PersistenceImage

class gtda.diagrams.PersistenceImage(sigma=0.1, n_bins=100, weight_function=None, n_jobs=None)[source]

Persistence images of persistence diagrams.

Based on ideas in 1. Given a persistence diagram consisting of birth-death-dimension triples [b, d, q], the equivalent diagrams of birth-persistence-dimension [b, d-b, q] triples are computed and subdiagrams corresponding to distinct homology dimensions are considered separately and regarded as sums of Dirac deltas. Then, the convolution with a Gaussian kernel is computed over a rectangular grid of locations evenly sampled from appropriate ranges of the filtration parameter. The result can be thought of as a (multi-channel) raster image.

Important note:

  • Input collections of persistence diagrams for this transformer must satisfy certain requirements, see e.g. fit.

Parameters
  • sigma (float, optional default 0.1) – Standard deviation for Gaussian kernel.

  • n_bins (int, optional, default: 100) – The number of filtration parameter values, per available homology dimension, to sample during fit.

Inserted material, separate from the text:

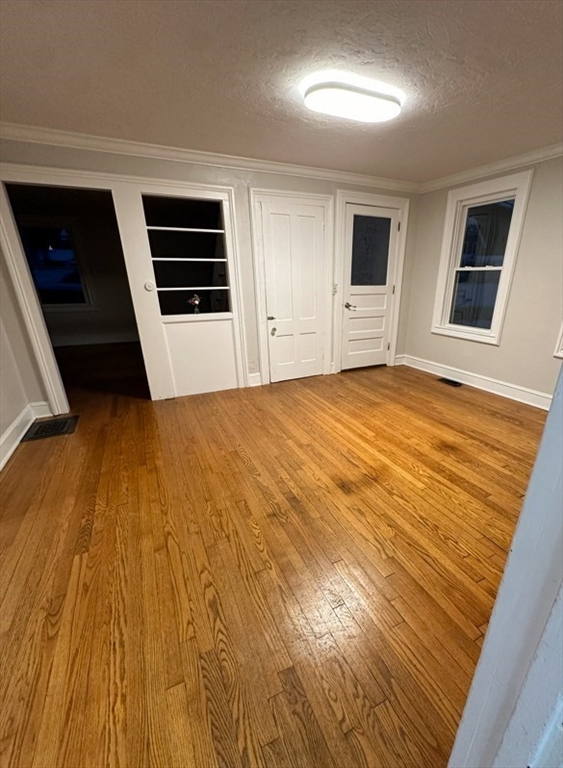 26 Green Street Monson, MA 01057 - Photo 10 of 38 a view of a livingroom with wooden floor and stairs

  • weight_function (callable or None, default: None) – Function mapping the 1D array of sampled persistence values (see samplings_) to a 1D array of weights. None is equivalent to passing numpy.ones_like. More weight can be given to regions of high persistence by passing a monotonic function, e.g. the identity.

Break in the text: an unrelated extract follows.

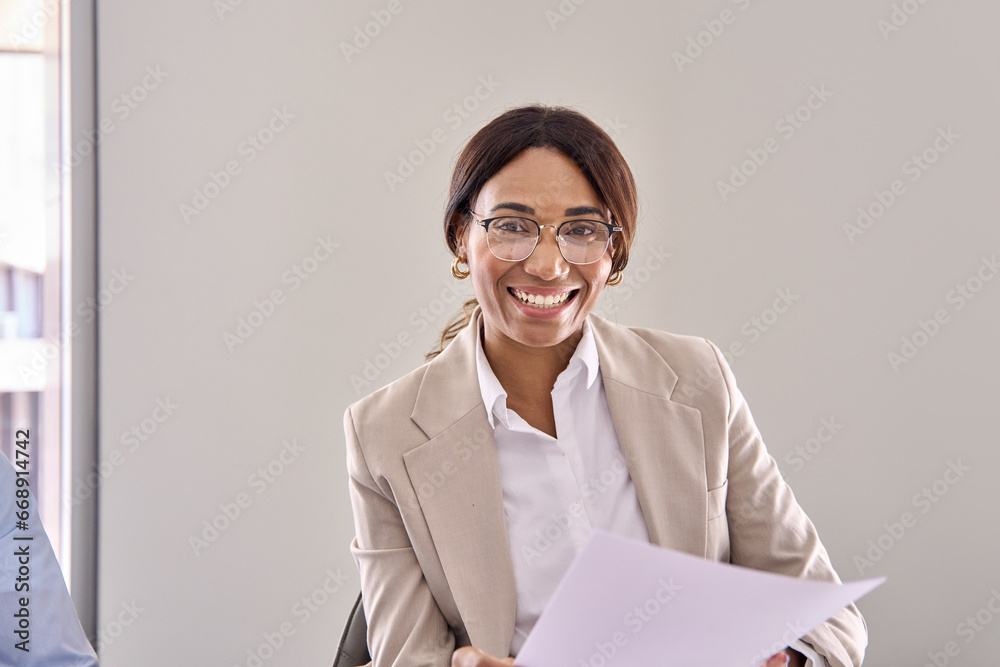 Smiling African American business woman hr manager, lawyer or attorney wearing suit holding documents consulting bank client during legal advice, communicating with recruit at interview meeting. Smiling African American business woman hr manager, lawyer or attorney wearing suit holding documents consulting bank client during legal advice, communicating with recruit at interview meeting.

  • n_jobs (int or None, optional, default: None) – The number of jobs to use for the computation. None means 1 unless in a joblib.parallel_backend context. -1 means using all processors.

effective_weight_function_

Effective function corresponding to weight_function. Set in fit.

Type

callable

homology_dimensions_

Homology dimensions seen in fit.

Type

tuple

samplings_

For each dimension in homology_dimensions_, a discrete sampling of birth parameters and one of persistence values, calculated during fit according to the minimum birth and maximum death values observed across all samples.

Type

dict

weights_

For each number in homology_dimensions_, an array of weights corresponding to the persistence values obtained from samplings_ calculated during fit using the weight_function.

Type

dict

Notes

The samplings in samplings_ are in general different between different homology dimensions. This means that the (i, j)-th pixel of a persistence image in homology dimension q typically arises from a different pair of parameter values to the (i, j)-th pixel of a persistence image in dimension q’.

References

1

H. Adams, T. Emerson, M. Kirby, R. Neville, C. Peterson, P. Shipman, S. Chepushtanova, E. Hanson, F. Motta, and L. Ziegelmeier, “Persistence Images: A Stable Vector Representation of Persistent Homology”; Journal of Machine Learning Research 18, 1, pp. 218-252, 2017; DOI: 10.5555/3122009.3122017.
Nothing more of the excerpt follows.